In the Men’s showjumping section, we saw rider after rider ploughing their horses into fence after fence, burying them in too deep so the horses had no chance of clearing the fences. Overtly aggressive riding was to the fore, overuse of whip and spurs and tempers flared against the horses. The lack of skill at that level was a disgrace as we witnessed horses falling and struggling and getting hurt yet being made to carry on- all because the end game result was put before the welfare of the horses.
As a competition, the Modern Pentathlon does not fall under the FEI umbrella so the horses were not, and are not, protected by any of the strict welfare guidelines nor veterinary protocols in place which protect the Eventing, Dressage and Showjumping horses. Under FEI rules if a horse falls it is retired. If the rider comes off, the rider is eliminated. There are strict rules governing the use (and overuse) of the whip and spurs and the misuse of the metal bit and reins attached to the bridle which sits inside the horse’s mouth. Not so with the Modern Pentathlon. Falling horses were not even checked over for injury! Even despite being winded by the fall, they were just mounted again and ridden on irrespectively as was witnessed in the World Games.
So now there is a huge hue and cry to stop using horses at all under the Olympic banner altogether. PETA has a huge petition on the go as we speak demanding this change in the rules. I don’t agree with this but I certainly do agree that The Modern Pentathlon has to make big changes. The horse section MUST be protected under the FEI rule book and veterinary care must be the same for these pooled horses as is present for the other equestrian sections.

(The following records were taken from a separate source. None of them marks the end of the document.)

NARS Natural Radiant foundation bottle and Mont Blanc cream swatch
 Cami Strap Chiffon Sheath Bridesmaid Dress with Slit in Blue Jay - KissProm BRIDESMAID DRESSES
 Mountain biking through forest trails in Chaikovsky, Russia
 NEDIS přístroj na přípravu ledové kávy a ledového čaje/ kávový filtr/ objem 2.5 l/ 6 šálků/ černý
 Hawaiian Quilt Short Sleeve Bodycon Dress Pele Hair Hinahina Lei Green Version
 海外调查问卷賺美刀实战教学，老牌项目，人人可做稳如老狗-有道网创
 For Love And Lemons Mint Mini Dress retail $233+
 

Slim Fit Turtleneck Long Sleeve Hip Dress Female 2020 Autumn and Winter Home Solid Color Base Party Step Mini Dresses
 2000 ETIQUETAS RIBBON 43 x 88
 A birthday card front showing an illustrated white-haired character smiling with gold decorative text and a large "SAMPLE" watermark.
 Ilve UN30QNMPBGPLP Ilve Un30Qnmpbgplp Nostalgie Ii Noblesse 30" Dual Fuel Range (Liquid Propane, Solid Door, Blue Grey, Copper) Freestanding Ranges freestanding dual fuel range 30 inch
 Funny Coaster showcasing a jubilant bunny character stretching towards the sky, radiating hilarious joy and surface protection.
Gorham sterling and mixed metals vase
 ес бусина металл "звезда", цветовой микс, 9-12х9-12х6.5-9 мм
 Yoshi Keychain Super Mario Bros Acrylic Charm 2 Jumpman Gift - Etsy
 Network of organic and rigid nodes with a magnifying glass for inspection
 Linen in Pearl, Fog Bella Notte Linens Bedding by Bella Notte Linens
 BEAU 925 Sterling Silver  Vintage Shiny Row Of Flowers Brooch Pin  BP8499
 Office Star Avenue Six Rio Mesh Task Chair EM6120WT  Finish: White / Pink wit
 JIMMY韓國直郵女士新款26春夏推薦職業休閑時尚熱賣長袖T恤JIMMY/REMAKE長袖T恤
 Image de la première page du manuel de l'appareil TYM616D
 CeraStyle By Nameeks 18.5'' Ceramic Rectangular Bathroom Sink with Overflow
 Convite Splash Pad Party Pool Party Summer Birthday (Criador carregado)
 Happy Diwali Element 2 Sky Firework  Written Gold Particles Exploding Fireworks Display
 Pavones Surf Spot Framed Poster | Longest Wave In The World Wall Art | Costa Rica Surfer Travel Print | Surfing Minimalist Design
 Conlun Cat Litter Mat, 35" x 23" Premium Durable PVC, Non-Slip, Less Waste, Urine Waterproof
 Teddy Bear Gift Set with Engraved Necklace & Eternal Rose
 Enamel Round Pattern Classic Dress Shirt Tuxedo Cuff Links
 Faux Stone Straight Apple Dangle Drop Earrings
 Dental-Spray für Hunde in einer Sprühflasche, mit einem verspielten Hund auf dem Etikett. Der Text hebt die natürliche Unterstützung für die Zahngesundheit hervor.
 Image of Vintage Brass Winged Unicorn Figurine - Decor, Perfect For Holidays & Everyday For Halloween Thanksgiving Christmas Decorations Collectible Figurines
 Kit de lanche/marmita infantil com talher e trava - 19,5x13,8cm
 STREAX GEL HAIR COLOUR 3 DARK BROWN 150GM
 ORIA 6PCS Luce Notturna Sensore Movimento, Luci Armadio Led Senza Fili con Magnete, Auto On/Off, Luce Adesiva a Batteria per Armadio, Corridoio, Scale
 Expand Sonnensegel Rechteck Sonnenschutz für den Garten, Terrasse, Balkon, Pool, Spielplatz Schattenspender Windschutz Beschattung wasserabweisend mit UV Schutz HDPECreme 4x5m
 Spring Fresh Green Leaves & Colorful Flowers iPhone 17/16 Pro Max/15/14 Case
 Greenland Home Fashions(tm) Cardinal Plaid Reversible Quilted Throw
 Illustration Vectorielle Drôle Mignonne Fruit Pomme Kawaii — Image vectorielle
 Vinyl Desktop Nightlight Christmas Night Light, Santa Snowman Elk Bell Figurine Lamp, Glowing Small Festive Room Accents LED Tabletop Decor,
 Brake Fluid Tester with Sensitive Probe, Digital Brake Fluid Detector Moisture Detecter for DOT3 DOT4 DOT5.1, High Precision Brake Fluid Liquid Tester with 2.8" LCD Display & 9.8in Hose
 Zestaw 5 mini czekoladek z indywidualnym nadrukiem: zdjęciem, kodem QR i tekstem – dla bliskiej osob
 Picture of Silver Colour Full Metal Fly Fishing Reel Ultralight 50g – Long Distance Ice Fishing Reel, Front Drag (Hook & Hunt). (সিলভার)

Conflict behaviour (CB) is a response exhibited by animals that experience difficulty coping with mental or physical discomfort and is most often demonstrated as some form of resistance to handling or training cues and/or equipment.
These include wide eyed expression, open mouth behaviours, crossing the jaw, pulling down on the reins to gain release from pressure. Tail swishing at the feel of a disliked aid given by the rider. Avoidance behaviours will include reversing, bucking, rearing or threatening to rear, spinning and running backwards. Abject stress signs include wide eyes, flared nostrils, profuse sweating. Open mouth, very high head carriage, stiffness in the poll, neck or spine. The physiology shows increased heart and respiratory rates and heightened cortisol/adrenaline levels.
“In equestrian sport, Fédération Equestre Internationale (FEI) code of conduct for the welfare of the horse stipulates that “… horses must only undergo training that matches their physical capabilities and level of maturity for their respective disciplines.” What about the standard of the riders?